▶ _INPUT DATA_:
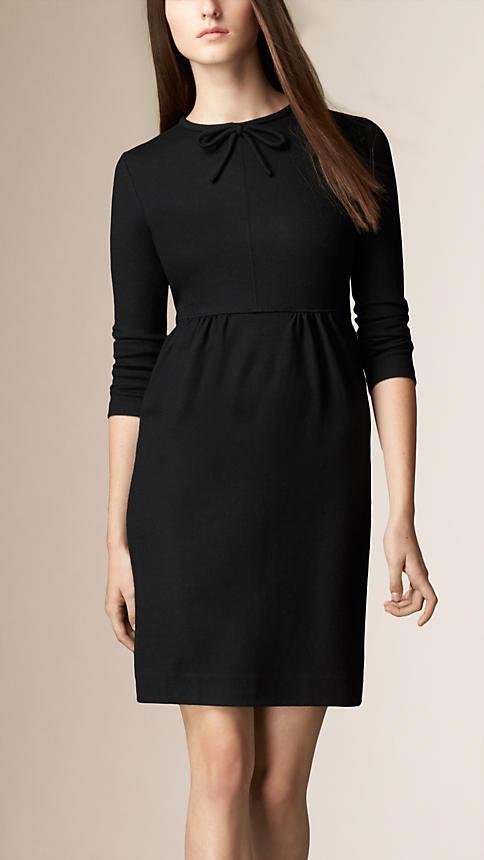 Burberry Bow Detail Wool Dress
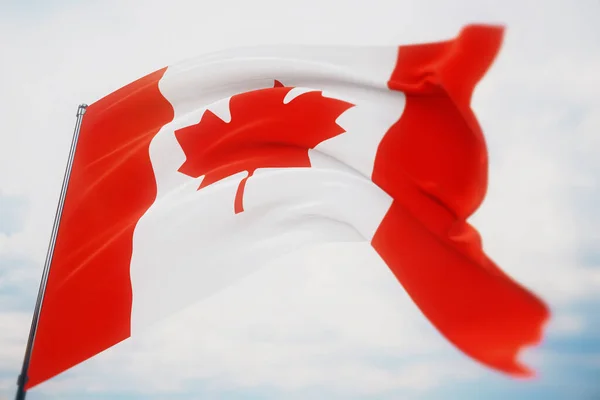 Waving flags of the world - flag of Canada. Shot with a shallow depth of field, selective focus. 3D illustration. — Stock Photo, Image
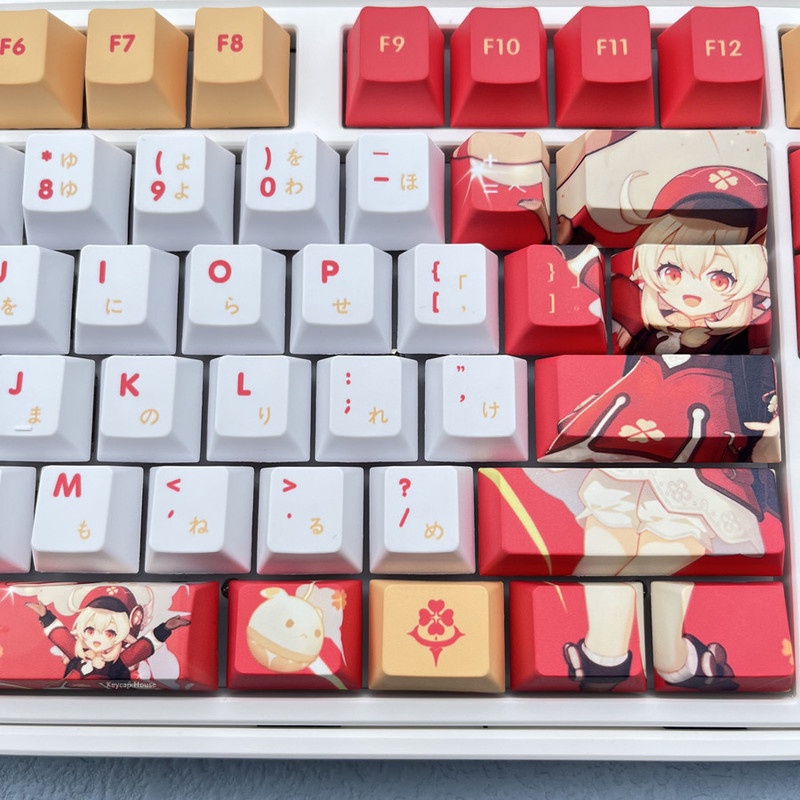 Klee Keycap Genshin Impact Keycap Cherry Profile PBT Dye Thăng hoa Bàn phím cơ Keycap Anime Keycap 128 Phím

▶ _ACTIVITY_:
Each line of the listing above must be given again exactly; the pictures are to be left out.

▶ _REPLY_:
 Burberry Bow Detail Wool Dress
 Waving flags of the world - flag of Canada. Shot with a shallow depth of field, selective focus. 3D illustration. — Stock Photo, Image
 Klee Keycap Genshin Impact Keycap Cherry Profile PBT Dye Thăng hoa Bàn phím cơ Keycap Anime Keycap 128 Phím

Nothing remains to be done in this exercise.